La interrupción, por dos semanas o incluso quizás por más tiempo, del funcionamiento del Estado federal estadounidense no se debe a una catástrofe sino que es resultado de un juego político. Para ponerle fin bastaría con que republicanos y demócratas llegaran a un acuerdo. Pero, por el momento, sólo ciertos servicios, como el de los capellanes militares, han recibido una derogación para seguir funcionando. La única violación verdadera de esa interrupción ha sido la autorización para recibir préstamos por espacio de 6 semanas. Se trata de un acuerdo exigido desde Wall Street, donde no se han registrado reacciones al cierre del Estado federal, aunque sí existía gran inquietud sobre la incapacidad de Washington para enfrentar sus obligaciones financieras.
Antes de su derrumbe, la Unión Soviética trató de salvarse recurriendo al ahorro. De la noche a la mañana Moscú puso fin al respaldo económico que aportaba a sus aliados. Comenzó por sus aliados del Tercer Mundo y pasó después a los miembros del Pacto de Varsovia. Resultado: al verse obligados a tratar de sobrevivir solos, sus aliados se pasaron al otro bando… el de Washington. Aquella deserción, cuyo símbolo fue la caída del muro de Berlín, aceleró más aún la descomposición de la Unión Soviética.

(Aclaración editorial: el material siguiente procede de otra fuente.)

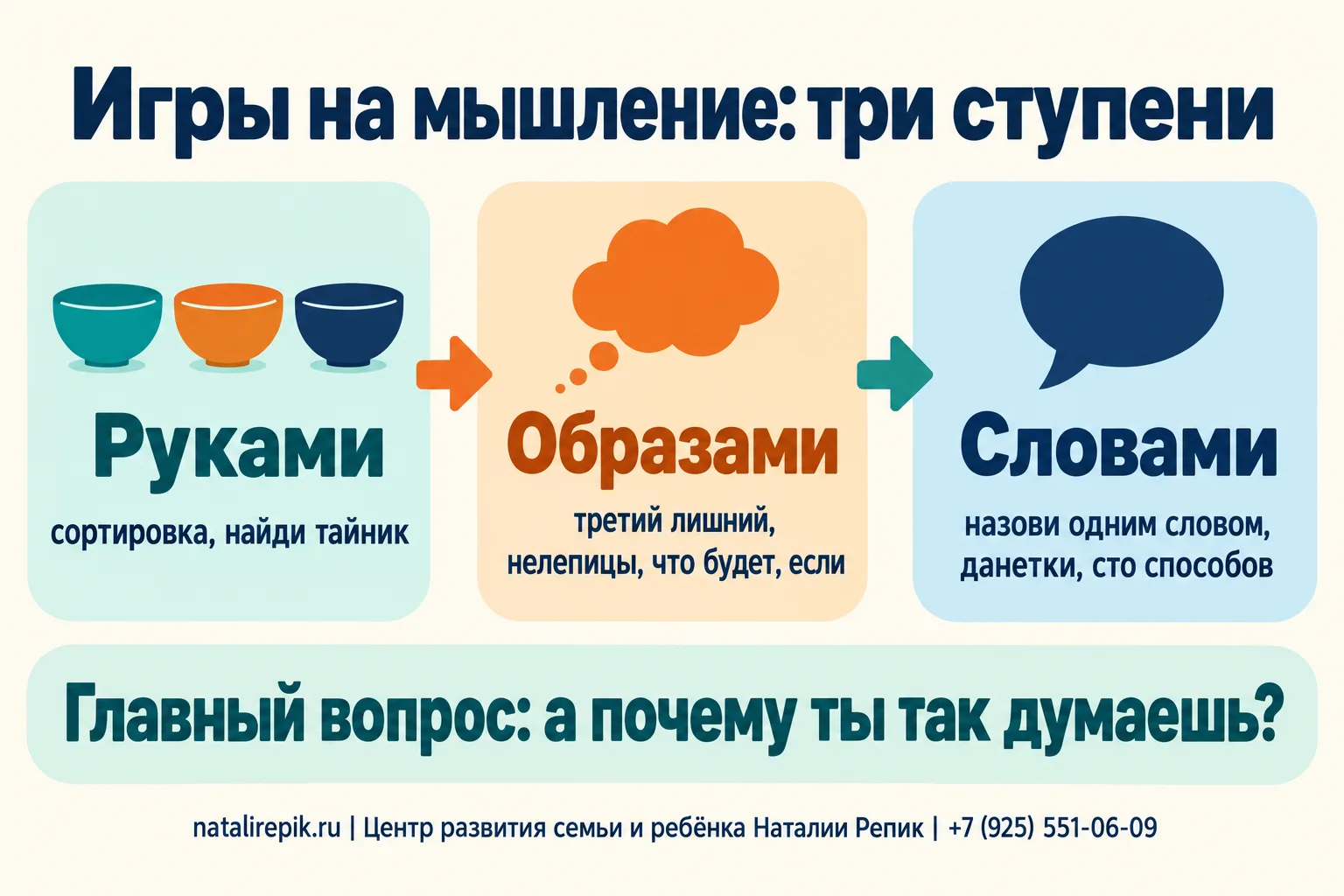 Инфографика «Игры на мышление: три ступени»: «Руками» — сортировка, найди тайник; «Образами» — третий лишний, нелепицы, что будет, если; «Словами» — назови одним словом, данетки, сто способов; внизу подсказка — главный вопрос «а почему ты так думаешь?»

Fue evidentemente para tratar de evitar un fenómeno similar, en momentos en que Rusia está triunfando pacíficamente en el Medio Oriente, que la administración Obama esperó tanto tiempo antes de suspender su ayuda a Egipto. Es verdad que, a la luz de la ley estadounidense, esa ayuda se ha hecho ilegal a raíz del golpe militar que derrocó la dictadura de la Hermandad Musulmana. Pero también es cierto que nada obligaba a la Casa Blanca a llamar las cosas por su nombre. Lo que hasta ahora hizo la administración Obama –a lo largo de 3 meses– fue evitar cuidadosamente la mención de las palabras «golpe de Estado» para seguir manteniendo a Egipto en el bando del Imperio. Y ahora, bruscamente, y sin que se haya registrado el menor cambio en El Cairo, Washington decide “cortar el agua y la luz”.
La apuesta del presidente Obama consistía en reducir el presupuesto estadounidense de manera proporcional y paulatina, para que su país pudiera evitar el derrumbe, abandonara sus extravagantes aspiraciones y se convirtiese nuevamente en un Estado como los demás. La decisión de renunciar a una quinta parte de sus fuerzas armadas fue un buen comienzo. Pero el bloqueo del presupuesto federal y la suspensión de la ayuda destinada a Egipto vienen a demostrar que ese escenario no es factible. El formidable poderío de Estados Unidos no puede disminuir armoniosamente porque puede quebrarse.